From 62e4a01cb9f4406b932bfd883fd689de7ee8fc39 Mon Sep 17 00:00:00 2001
From: =?UTF-8?q?Nils=20M=C3=BCller?= <tyriis@users.noreply.github.com>
Date: Mon, 8 Apr 2024 21:26:44 +0200
Subject: [PATCH] docs(rook-ceph): add ceph health error runbook

---
 .../docs/runbooks/ceph-health-error.md        | 79 +++++++++++++++++++
 .backstage/components/rook-ceph/mkdocs.yml    |  1 +
 2 files changed, 80 insertions(+)
 create mode 100644 .backstage/components/rook-ceph/docs/runbooks/ceph-health-error.md

diff --git a/.backstage/components/rook-ceph/docs/runbooks/ceph-health-error.md b/.backstage/components/rook-ceph/docs/runbooks/ceph-health-error.md
new file mode 100644
index 000000000..12476a194
--- /dev/null
+++ b/.backstage/components/rook-ceph/docs/runbooks/ceph-health-error.md
@@ -0,0 +1,79 @@
+# CephHealthError
+
+## Meaning
+
+The `CephHealthError` alert in Ceph, indicates that the overall health of the Ceph cluster is in an `ERROR` state.

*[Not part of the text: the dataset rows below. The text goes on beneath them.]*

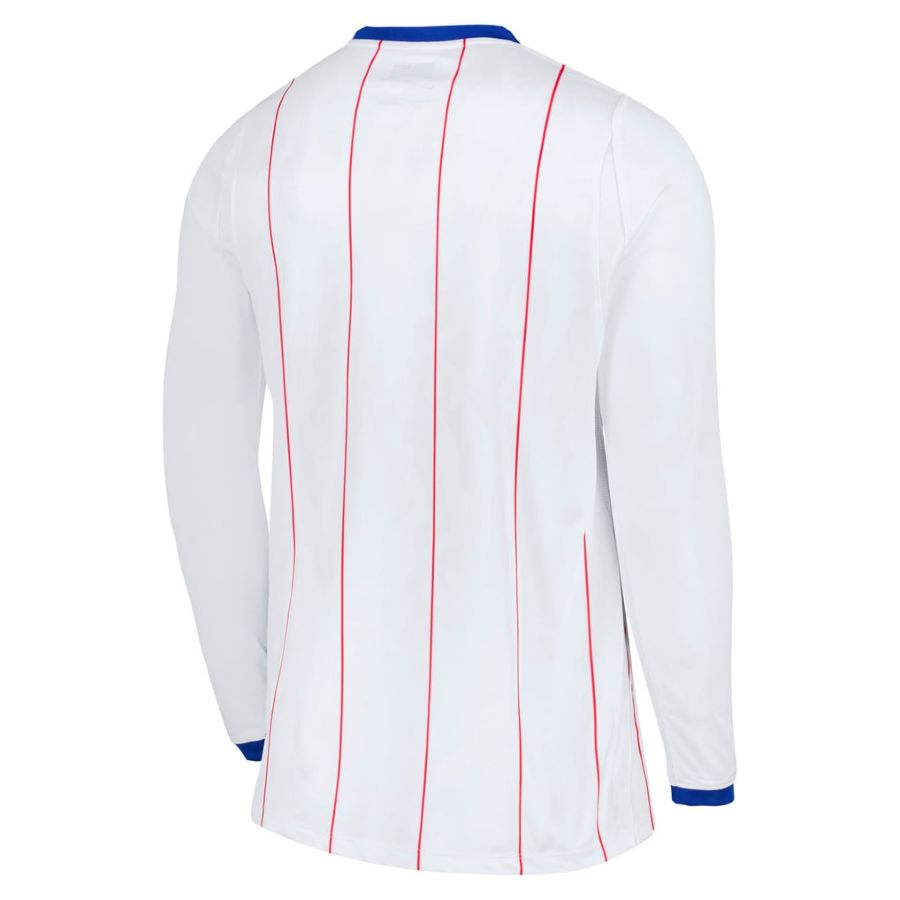Chelsea Third Long Sleeve Jersey 26/27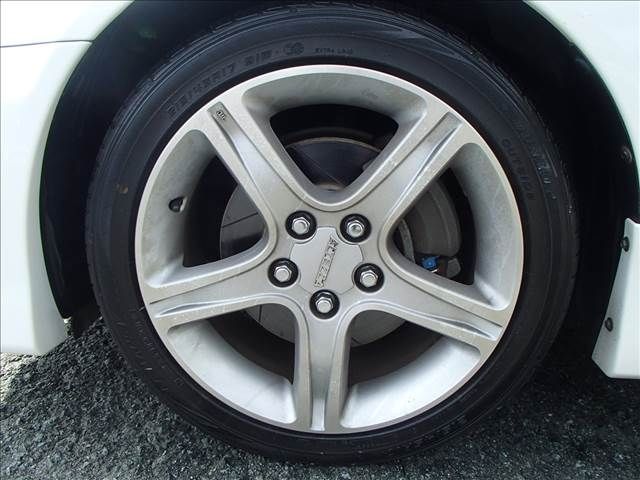 Toyota ALTEZZA 2003-09 13428-6
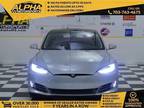 2017 Tesla Model S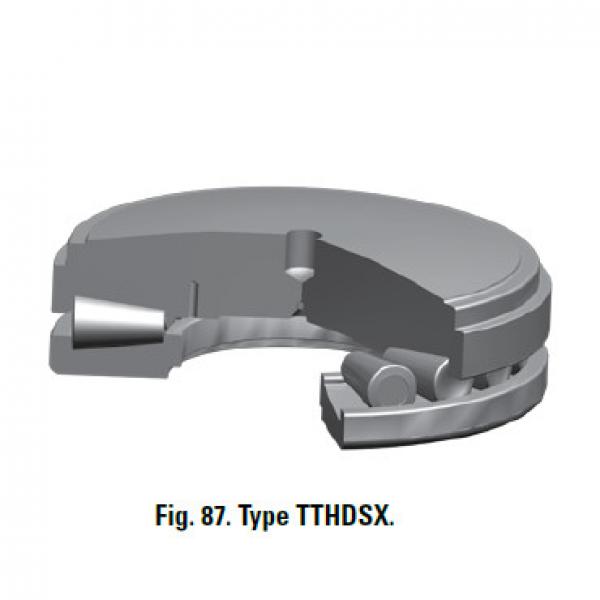 Bearing T411FAS-T411S #2 image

This is a serious alert that signifies there are critical issues with the cluster that need immediate attention.
+
+The `CephHealthError` alert can be triggered by a variety of issues, including but not limited to:
+
+One or more Object Storage Daemons (OSDs) are down.
+The cluster is running low on storage space.

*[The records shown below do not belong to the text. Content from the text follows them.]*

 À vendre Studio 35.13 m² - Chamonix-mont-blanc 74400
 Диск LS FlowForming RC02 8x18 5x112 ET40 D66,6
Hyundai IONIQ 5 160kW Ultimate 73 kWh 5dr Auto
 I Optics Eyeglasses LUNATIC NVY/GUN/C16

+There are too many Placement Groups (PGs) in a degraded or inconsistent state.
+There are network issues preventing the OSDs from communicating with each other.
+When you see this alert, it's important to investigate and resolve the issue as soon as possible to prevent data loss or further degradation of the cluster's health.
+You can use the `ceph health detail` command to get more information about the issues affecting the cluster's health.
+
+## Impact
+
+The impact of a `CephHealthError` alert in a Ceph storage cluster can be significant and can lead to serious consequences. Here are some potential impacts:
+
+Data Loss: If the issues causing the `CephHealthError` alert are not resolved quickly, they could lead to data loss.
+For example, if multiple Object Storage Daemons (OSDs) are down and the data they store is not replicated elsewhere, that data could be lost.
+
+Data Unavailability: Even if no data is lost, the issues causing the `CephHealthError` alert could make data unavailable.
+For example, if there are network issues preventing the OSDs from communicating, clients may not be able to access their data.
+
+Reduced Performance: The issues causing the `CephHealthError` alert could degrade the performance of the Ceph cluster.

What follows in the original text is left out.